Van Stadensrus rife with service delivery problems

Ben Mokoroane stands alongside the foundation of his incomplete RDP house. PHOTOS: PIERCE VAN HEERDEN

Van Stadensrus, a sleepy town located about 30 km south of Wepener, is faced with a number of service delivery related issues compounding the poverty and unemployment plaguing the small community. Many of its inhabitants do not have proper housing, while some live with malfunctioning sewerage systems on a daily basis.
Ben Mokoroane, a father of three, has had to find alternative accommodation for over a decade after waiting for his Reconstruction and Development Programme (RDP) house, only for construction to be stalled a number of times. “My bricks arrived last year but they were taken back to build the house next door. This is despite the fact that the next door house was on the list after mine. In March I received new bricks but they were shortly taken away to build the foundation of yet another house,” said Mokoroane.

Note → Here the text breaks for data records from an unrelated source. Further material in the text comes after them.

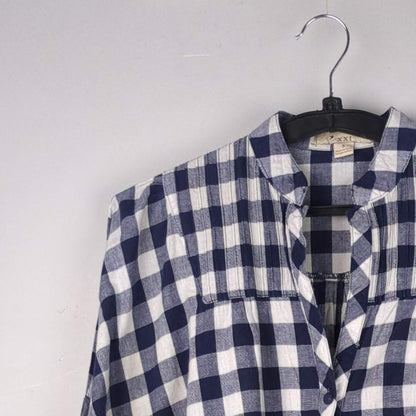 Plaid Button-Down Blouse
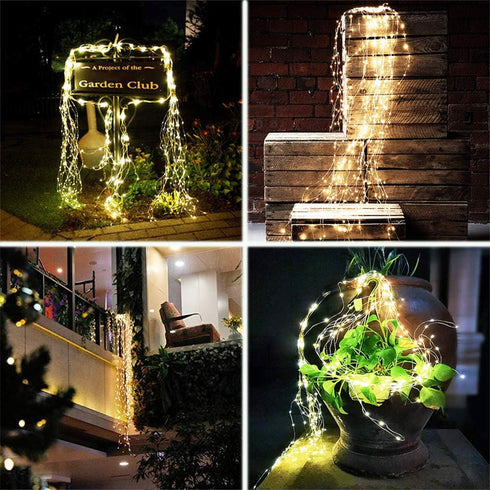 2 Pack 220 8 SHUKAN LED Firefly Bunch Lights, Flashing Modes Waterproof Copper Wire Waterfall Lights, Fairy Lights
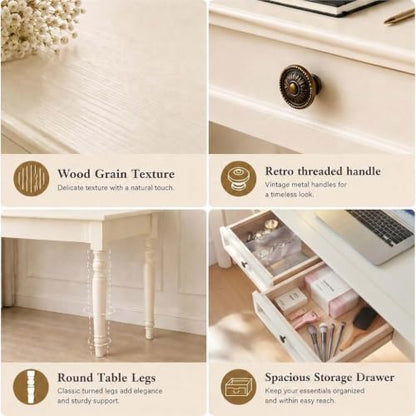 White Writing Desks with Drawers, 47" French Country Style - color: White, size: Standard-47 inches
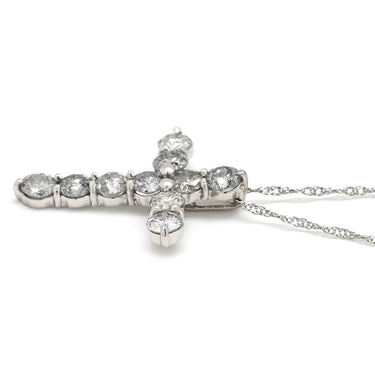 ノンブランド NON BRAND ダイヤモンド 1.0ct クロスペンダント プラチナシルバー Pt1000 ダイヤモンド Pt850(チェーン) ネックレス 十字架 CROSS 10石 10P 10粒 ブリリアントカット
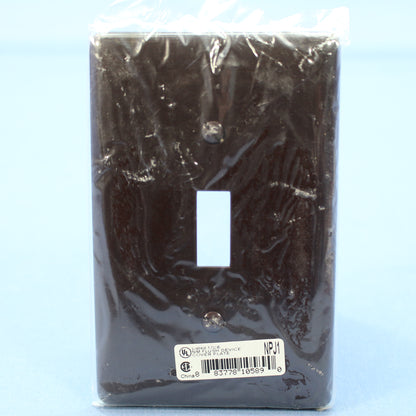Hubbell NPJ1 Brown 1-Gang Toggle Switch Unbreakable Nylon Mid-Size Wallplate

Sewage flows in the street in the small town.

Mokoroane claimed that the bricks were sold for R2 500 by the Community Liaison Officer (CLO) who overlooks the RDP projects in the area. Bloemfontein Courant spoke to the CLO, a local man who did not want to be named. He did not deny that bricks were sold off but expressed that the construction of Mokoroane’s house is set for April. “When a house has not been completed, we use others’ bricks to finish it off. When we get new bricks, they would then be returned to the older house,” he said.
He added that after delayed salary payments he sold about a pellet and a half of Mokoroane’s bricks so that he could buy food. The man supports a family of four. He is a middle man between residents and building contractors after losing his job as a security guard.
Van Stadensrus falls under Mangaung Metro Municipality and along with Wepener and Dewetsdorp makes up Ward 50. However, this small town with an estimated population of almost 2000 people seems to be a forgotten part of much bigger region. Entering the township of Thapelong, sewage can be seen flowing down the main street. If you walk up its curving roads you will discover that the source of the stream is a small yard where a woman lives with two pets.

An open field has become both a dumping site and sports grounds.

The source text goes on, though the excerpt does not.